I know that the Bohr model of the atom was modified by Sommerfeld to include elliptical orbits, and that the resulting Bohr-Sommerfeld theory has long been put aside in favor of quantum mechanics.
Nevertheless, I wanted to ask if there has ever been a more general formulation of the Bohr-Sommerfeld theory (either recently or in the past) through which one could quantize the paths that electrons can take in any desired atomic/molecular system, ultimately to arrive at certain geometries and electron trajectories in 3D space that correspond to the $n$, $l$, and $m_l$ quantum numbers?

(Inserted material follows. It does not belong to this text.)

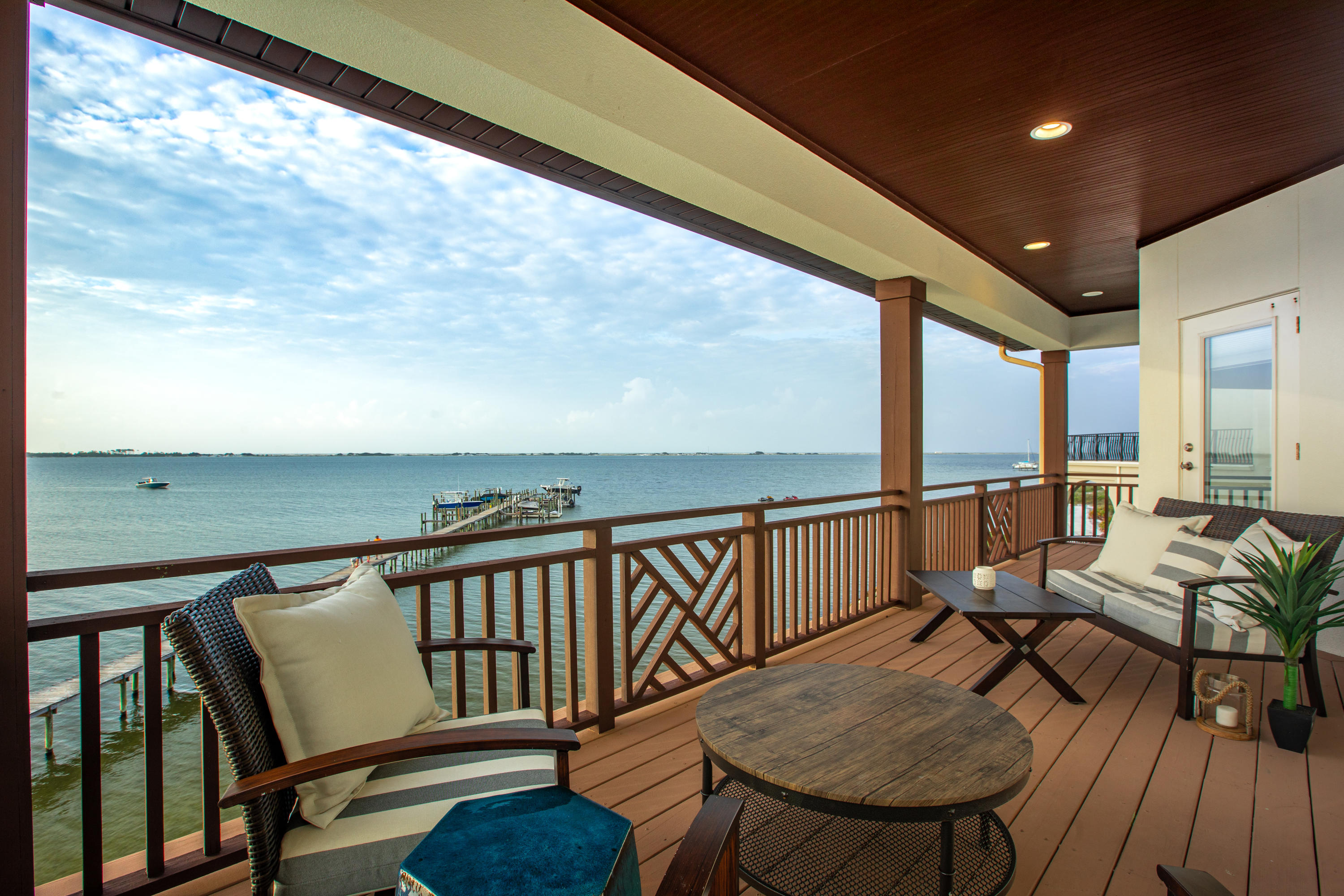 PALMETTO LAKE PRESERVE - Residential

I ask this question because I have a working idea of how to generalize the Bohr-Sommerfeld theory to possibly any system, and wanted to know if it would be feasible to publish my idea. By this I mean I actually wrote a java program to try and implement this idea computationally. I'm just trying to get some results for different choice atomic/molecular systems and publish them, hopefully under some guidance since I have never published a paper before.
Edit: I would also like to briefly mention a paper I've recently read that attempted to correct some of the inaccuracies in Sommerfeld's expansion of Bohr's model. I plan to incorporate those corrections into my calculations as well. The paper is titled "Rise and premature fall of the old quantum theory," written by Manfred Bucher in 2008 (https://arxiv.org/abs/physics/0605258). Of note, the corrections made involve removing the circular orbit from the model and introducing a linear, coulomb oscillation orbit through the hydrogen atom's nucleus to give the correct l = 0, 1, 2, ..., n-1 values for the orbital angular momentum quantum number. It also includes the correction that the angular momentum of the hydrogen atom is proportional to $\sqrt{l(l+1)}$, not $l$ as Sommerfeld originally proposed.